§ Work order
The answer must be only the lines below from the one holding "A reception area" down to the one holding "A motel with", ends included, printed exactly; please omit all pictures.

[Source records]
++++++++

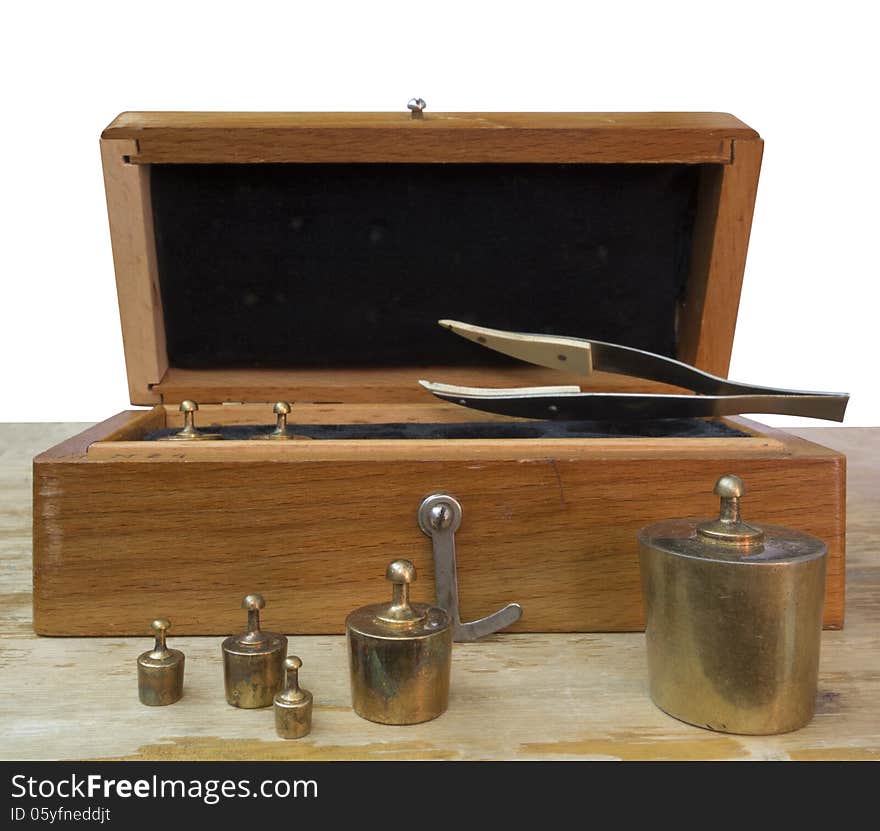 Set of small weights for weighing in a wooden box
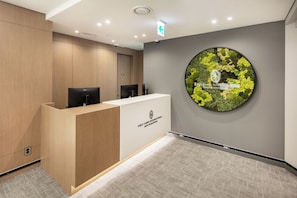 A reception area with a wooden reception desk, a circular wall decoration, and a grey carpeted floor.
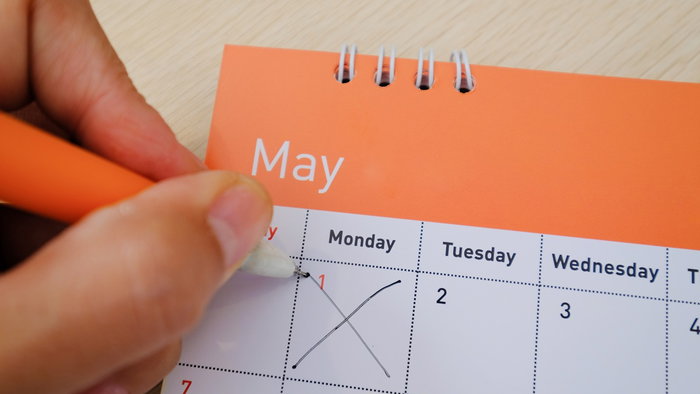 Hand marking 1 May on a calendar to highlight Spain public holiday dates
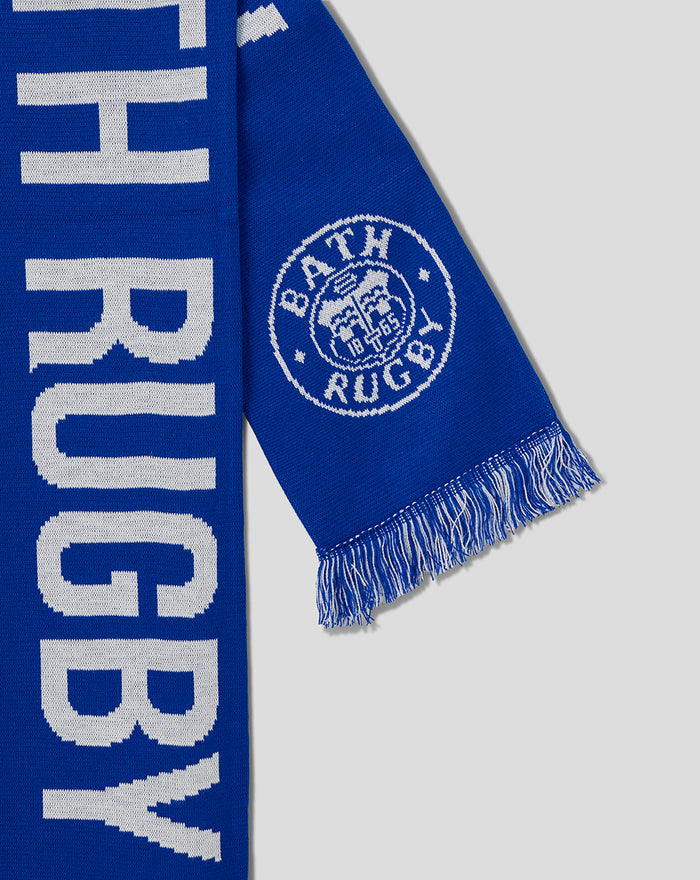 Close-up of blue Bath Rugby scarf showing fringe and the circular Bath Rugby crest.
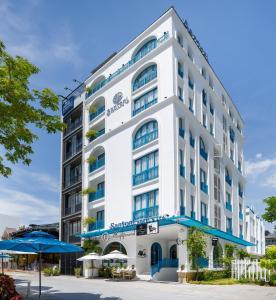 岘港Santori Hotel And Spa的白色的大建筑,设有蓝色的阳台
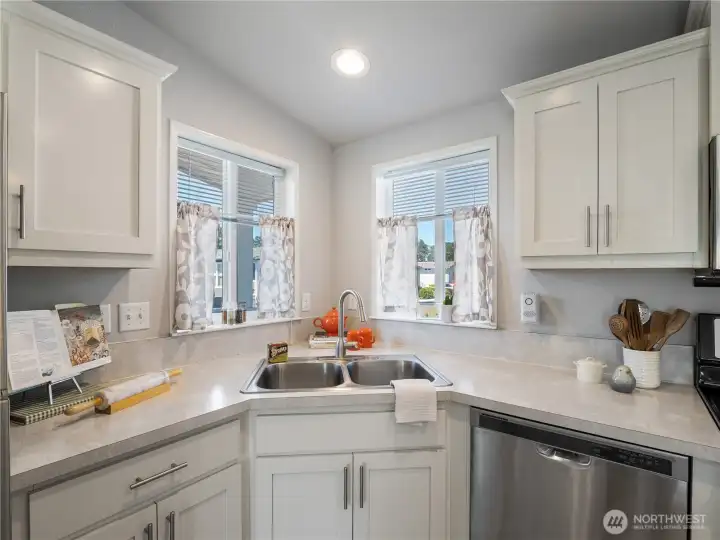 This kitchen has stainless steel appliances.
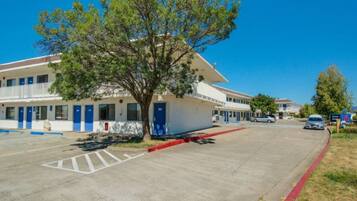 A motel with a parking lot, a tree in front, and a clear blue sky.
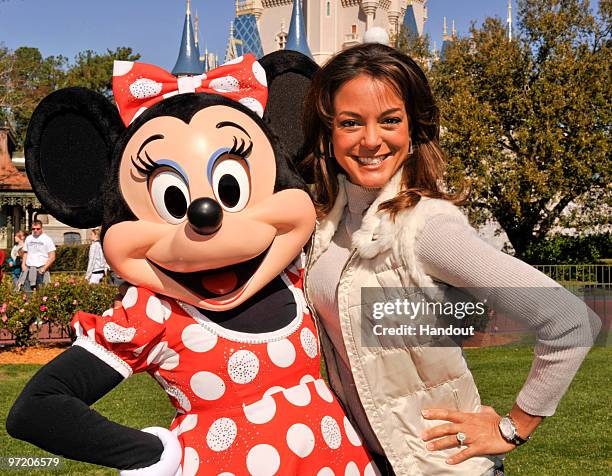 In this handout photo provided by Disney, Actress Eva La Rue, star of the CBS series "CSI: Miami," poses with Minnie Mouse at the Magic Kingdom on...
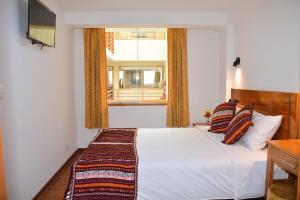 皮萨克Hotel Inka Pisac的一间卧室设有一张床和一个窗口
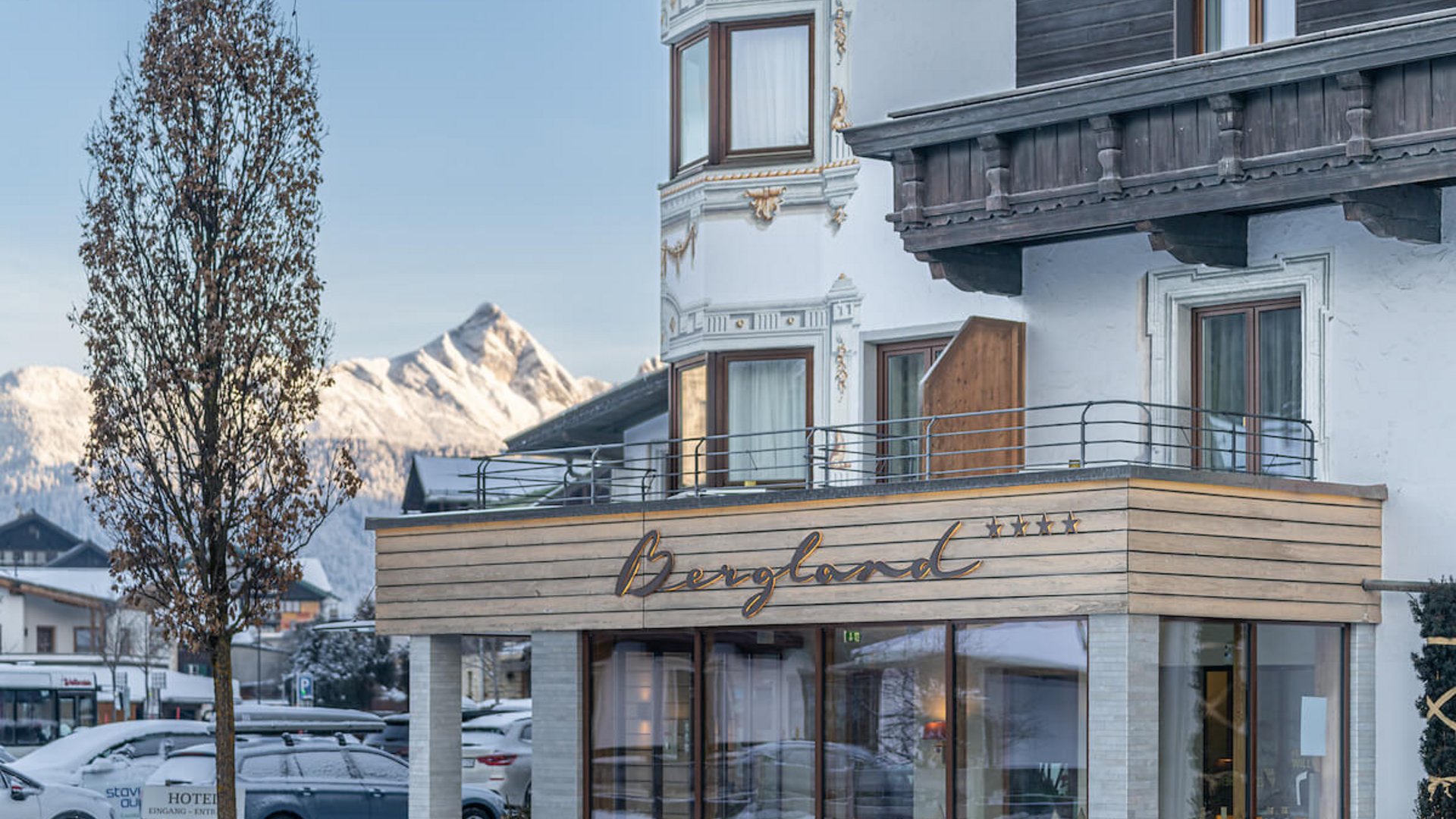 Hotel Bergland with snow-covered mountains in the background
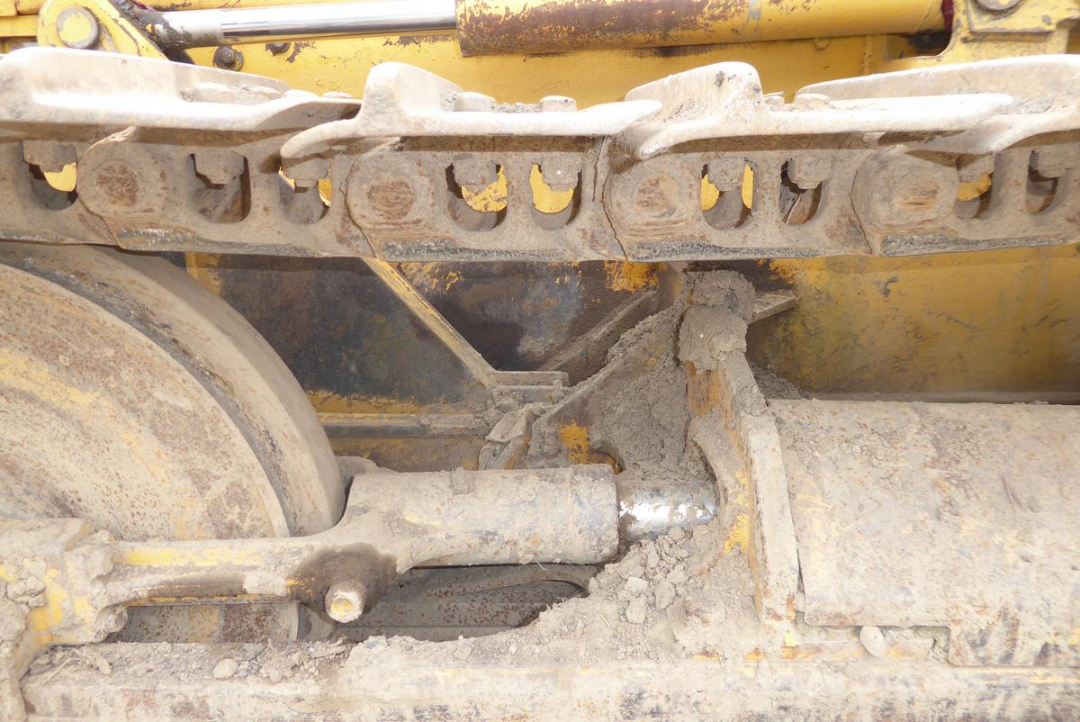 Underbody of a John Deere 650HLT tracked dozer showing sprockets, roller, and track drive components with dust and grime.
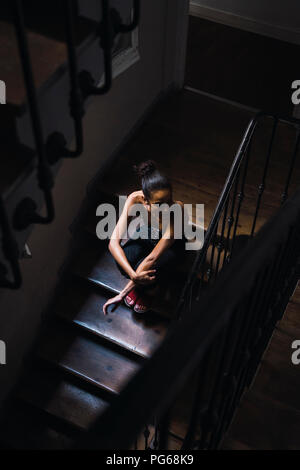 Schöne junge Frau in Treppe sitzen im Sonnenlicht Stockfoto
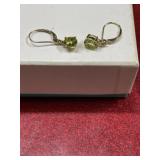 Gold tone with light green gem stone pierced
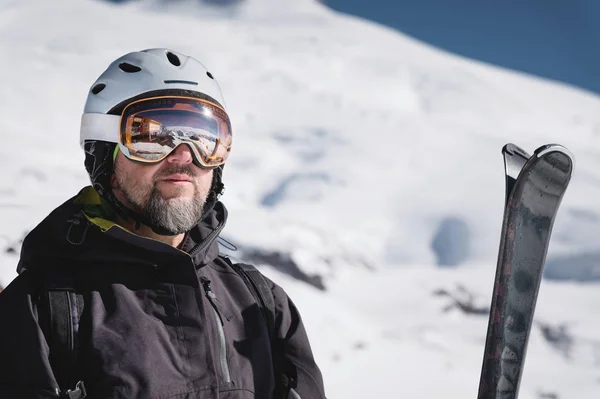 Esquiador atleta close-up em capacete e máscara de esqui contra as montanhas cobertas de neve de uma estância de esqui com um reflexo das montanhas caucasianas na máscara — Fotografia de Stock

++++++++

§ Task answer
 A reception area with a wooden reception desk, a circular wall decoration, and a grey carpeted floor.
 Hand marking 1 May on a calendar to highlight Spain public holiday dates
 Close-up of blue Bath Rugby scarf showing fringe and the circular Bath Rugby crest.
 岘港Santori Hotel And Spa的白色的大建筑,设有蓝色的阳台
 This kitchen has stainless steel appliances.
 A motel with a parking lot, a tree in front, and a clear blue sky.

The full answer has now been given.